On March 26, 2007, he signed with the Panthers for the second time. Again starting at strong safety in 2007, Cooper played in 16 games with 15 starts. Cooper had 59 tackles, a career high three interceptions, four passes defended, and one forced fumble.
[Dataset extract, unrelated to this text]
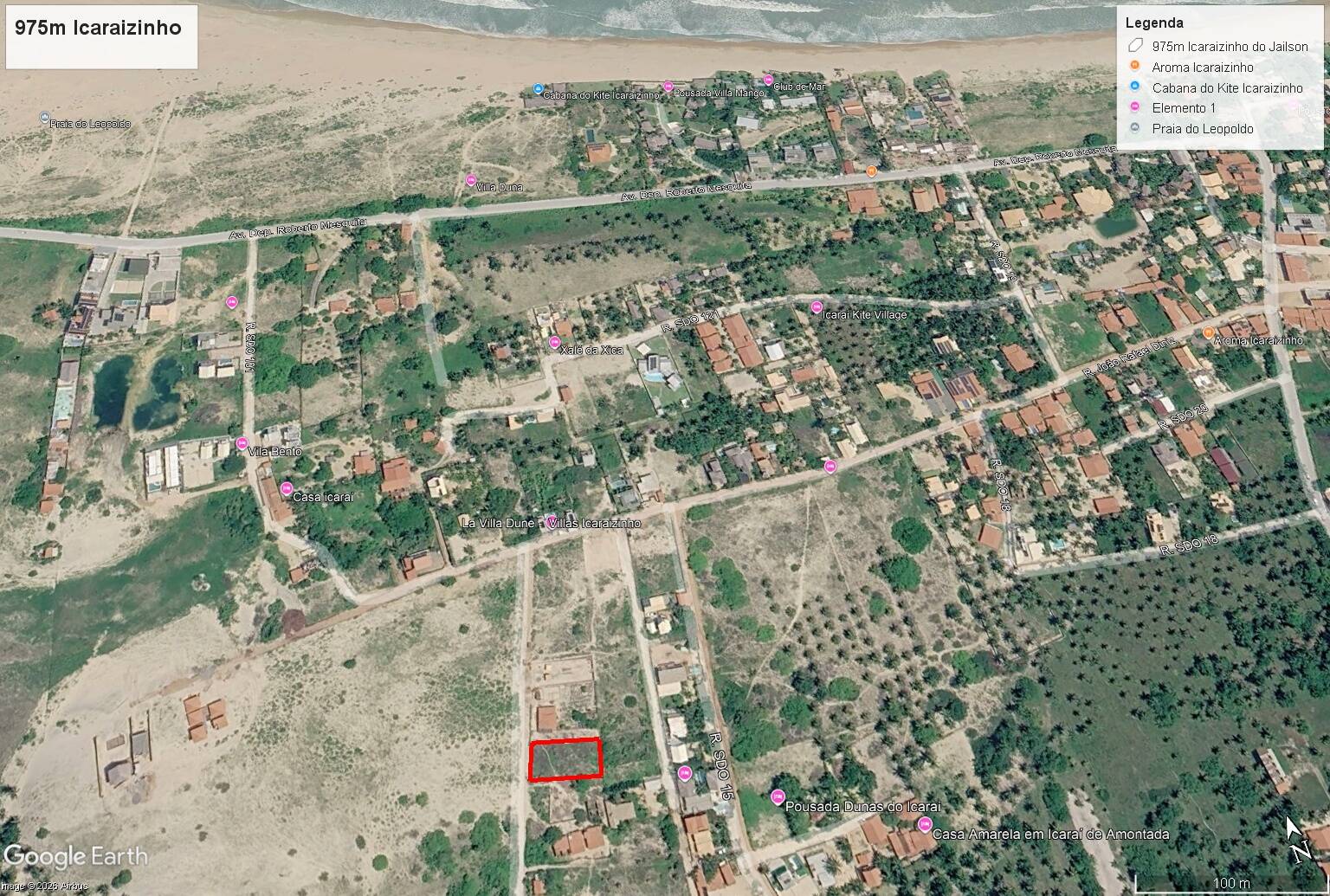 Terreno, 975 m² - Foto 17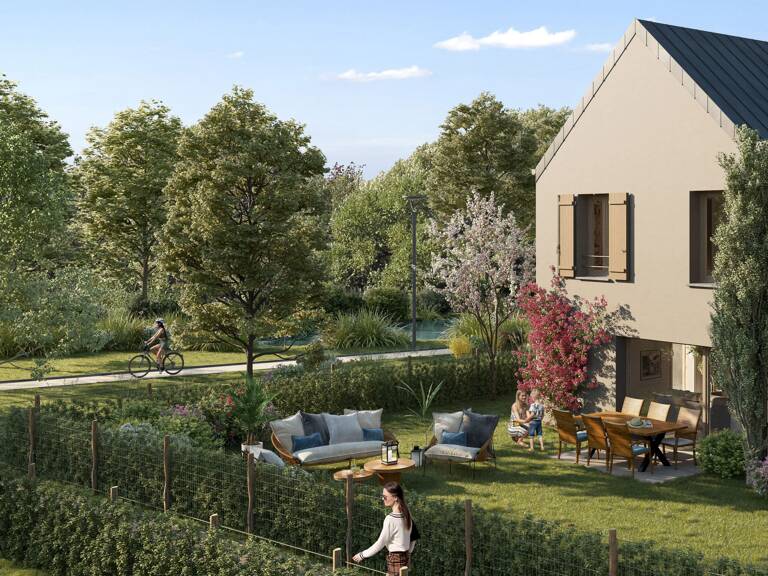 Les Jardins de la Chênaie — photo 1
On June 18, 2008, he signed with the Atlanta Falcons. Following the preseason, the Falcons released Cooper on August 30.

==NFL career statistics==

Legend
| Bold | Career high |

===Regular season===

Year: Team; Games; Tackles; Interceptions; Fumbles
GP: GS; Cmb; Solo; Ast; Sck; TFL; Int; Yds; TD; Lng; PD; FF; FR; Yds; TD
2002: CAR; 10; 0; 2; 2; 0; 0.0; 0; 0; 0; 0; 0; 0; 0; 0; 0; 0
2003: JAX; 14; 10; 60; 42; 18; 0.0; 1; 1; 12; 0; 12; 4; 0; 1; 10; 0
2004: JAX; 16; 0; 38; 34; 4; 1.0; 0; 1; 0; 0; 0; 2; 2; 0; 0; 0
2005: JAX; 16; 12; 58; 48; 10; 0.0; 0; 1; 0; 0; 0; 5; 0; 1; 0; 0
2006: SFO; 1; 0; 1; 1; 0; 0.0; 0; 0; 0; 0; 0; 0; 0; 0; 0; 0
2007: CAR; 16; 15; 59; 46; 13; 0.0; 0; 3; 19; 0; 19; 4; 1; 0; 0; 0
73; 37; 218; 173; 45; 1.0; 1; 6; 31; 0; 19; 15; 3; 2; 10; 0

===Playoffs===

Year: Team; Games; Tackles; Interceptions; Fumbles
GP: GS; Cmb; Solo; Ast; Sck; TFL; Int; Yds; TD; Lng; PD; FF; FR; Yds; TD
2005: JAX; 1; 0; 0; 0; 0; 0.0; 0; 0; 0; 0; 0; 0; 0; 0; 0; 0
1; 0; 0; 0; 0; 0.0; 0; 0; 0; 0; 0; 0; 0; 0; 0; 0

==Personal life==
Cooper married Gwen Crisp in 2006. They have six children. After retiring from football, Cooper founded Future Leaders Christian Academy, a day care center in the Atlanta area.